Die aktuelle Ausgabe von barton bezieht sich vor allem auf die Themenschwerpunkte Herkunft, Ursprung und Identität. Alles Bereiche, mit denen ihr bei eurer Arbeit mit geflüchteten Kindern und Jugendlichen auch konfrontiert seid. Daher meine Frage: Kann Kunst identitätsstiftend sein?

Mit dem Begriff der Identität tue ich mich in diesem Zusammenhang noch etwas schwer. Nicht weil ich ihn grundsätzlich ablehne, sondern vielmehr weil ich glaube, dass er sich für eine Diskussion schwerlich eignet, wenn jeder ihn anders versteht. Abseits davon kann der Kunst bei der Diskussion um Identität(en) womöglich eine Vermittlerrolle zukommen, sie kann eine Brücke schlagen und die Möglichkeit bieten die eigene Identität nicht in Abgrenzung zu anderen, sondern in Übereinstimmung mit sich selbst abzubilden.
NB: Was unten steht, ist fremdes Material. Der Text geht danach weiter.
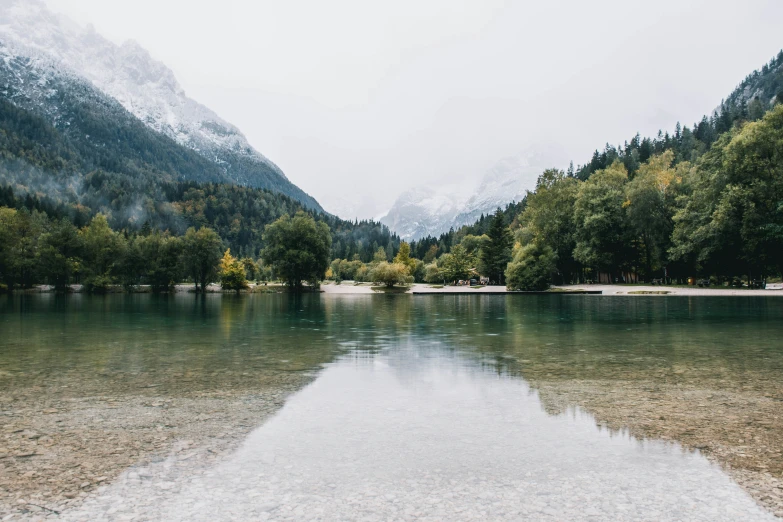 mountains are seen in the background while water and trees look calm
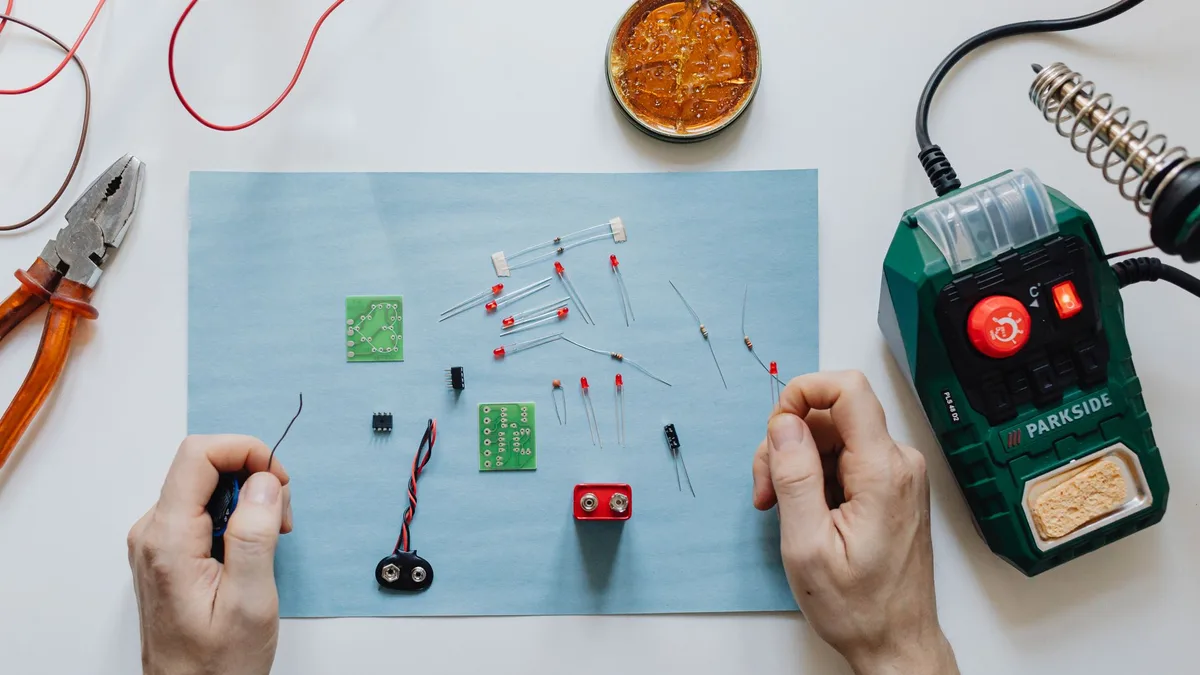 Hands-on electronics repair with tools, circuit board, and soldering station on workspace.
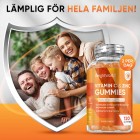 Bilden visar en glad familj i bakgrunden och en burk av C-Vitamin Gummies för att visa att den går att ge för hela familjen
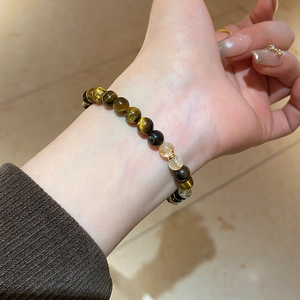 Détail d'un bracelet en perles d'oeil de tigre naturel et perles dorées au poignet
Durch unser Motto Kunst verbindet Kulturen versuchen wir natürlich auch auf eine Art Kosmopolitismus hinzuwirken, der jenseits von abgegrenzten Identitäten funktioniert. Humphrey Bogart hat das im Film Casablanca ganz interessant auf den Punkt gebracht.

 

Eine abschließende Frage: Wenn du die letzte Zeit von ArtAsyl rekapitulierst, wie fällt dein Resümee bis jetzt aus? Und was sind Wünsche für die Zukunft?

Zu sehen, wo die Idee ArtAsyl heute steht, macht mich unglaublich froh! Mein Zwischenfazit ist also sehr positiv, weil sich der Verein in ungeahnter Weise weiterentwickelt hat. Neben unserer Projektarbeit haben wir mit ArtBuddy ein Tandemprogramm für geflüchtete und lokale Künstler*innen aufgebaut, wir hatten die Ausstellung und haben die Grenze von 100 Mitgliedern durchbrochen. Das ist schon aller Hand. Ganz zufrieden bin ich aber natürlich noch nicht, denn das erklärte Ziel einer eigenen Räumlichkeit für den Verein ließ sich noch nicht verwirklichen, obwohl wir das finanzielle Fundament dafür gelegt haben. Hier wünsche ich mir, dass uns jemand in Köln, vielleicht auch die Stadt, ein passendes Angebot macht. ArtAsyl braucht endlich ein zu Hause für die Umsetzung unserer Ideen.